The State of Kerala, lying in the south west part of federal India, has been witnessing an experiment in decentralisation as part of this global phenomenon for more than a decade and that leaves an imprint of promising hope. Kerala could set a good framework in all facets of decentralisation. There is no doubt Kerala has been a very fertile land for decentralisation due to its resourcefulness, infrastructural attainments and progressive political consciousness.
Kerala launched the participative, people oriented decentralisation movement in 1996 under its much acclaimed “Peoples Plan Campaign’. Since then, the campaign passed through phases of experimentation, consolidation and ongoing institutionalisation. The Campaign took decentralised planning as an entry point into a broad spectrum of reforms in local governance such as building up governance structures, devolving finance, functions & functionaries, setting up systems for good governance and so forth. Certainly Kerala needs to go far ahead along the difficult path of decentralisation of powers. But the campaign succeeded in leaving a worthy methodology of multi-level decentralised planning, probably with no parallel in the world, for others to learn, modify and experiment elsewhere.
On Decentralisation in Kerala
The distinctiveness of Kerala decentralisation is that it has formalised a participatory framework, with built in social accountability measures, to take in citizens’ involvement in local planning and governance, in harmony with the national and regional policies. Public consultation is being done at the bottom most electoral constituency called Ward/Grama Sapha. Such consultation meetings are convened by the elected member of the constituency. The information collected from this consultation process is fed into Local Government Development Report that provides the development status and potential of the local government. Working Groups for each sector translates the ideas into draft development projects in compliance with the guidelines of the State. The local government appraises the projects, matches them with the available resources and approves with necessary refinement, before submitting them to the district Planning Committee in the form of a consolidated local plan for final sanctioning. The District Planning Committee, with the help of Technical Advisory Groups, examine the plan for technical viability and compliance with the government guidelines and sanction the plan which will be implemented by the concerned local government with the help of its officers, working Groups or Stake Holder Groups.

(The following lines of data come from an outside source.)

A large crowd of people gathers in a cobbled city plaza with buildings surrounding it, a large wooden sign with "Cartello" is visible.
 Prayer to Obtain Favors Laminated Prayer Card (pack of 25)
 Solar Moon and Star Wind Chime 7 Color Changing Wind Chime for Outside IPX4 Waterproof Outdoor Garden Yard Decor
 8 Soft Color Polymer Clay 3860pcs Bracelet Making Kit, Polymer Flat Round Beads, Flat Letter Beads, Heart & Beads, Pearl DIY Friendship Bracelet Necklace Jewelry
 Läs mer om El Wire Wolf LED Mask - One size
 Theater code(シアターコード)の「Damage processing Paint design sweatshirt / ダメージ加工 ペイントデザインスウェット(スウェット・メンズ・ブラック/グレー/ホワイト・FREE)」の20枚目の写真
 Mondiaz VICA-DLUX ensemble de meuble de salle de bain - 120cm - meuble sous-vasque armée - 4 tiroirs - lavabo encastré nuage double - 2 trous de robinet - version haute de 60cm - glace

The framework of Kerala decentralisation has built-in features of good governance. Social accountability is integrated into the process, citizens’ consultation is possible at every state, involvement of non-governmental stake holders is possible, right to information is built-in, Ombudsman oversees public grievances, community contracting is allowed and similar possibilities are integrated in the framework. But some academics view that the celebrated ‘People’s Planning Campaign’, when pared down to substantial elements, yields a motley patchwork of reform ideas such as ‘participatory democracy’, ‘pro-poor growth’, ‘good governance’. ‘social capital’, ‘new public management’, ‘gender mainstreaming’ etc, borrowed from the various alternative frameworks for democracy-and-development.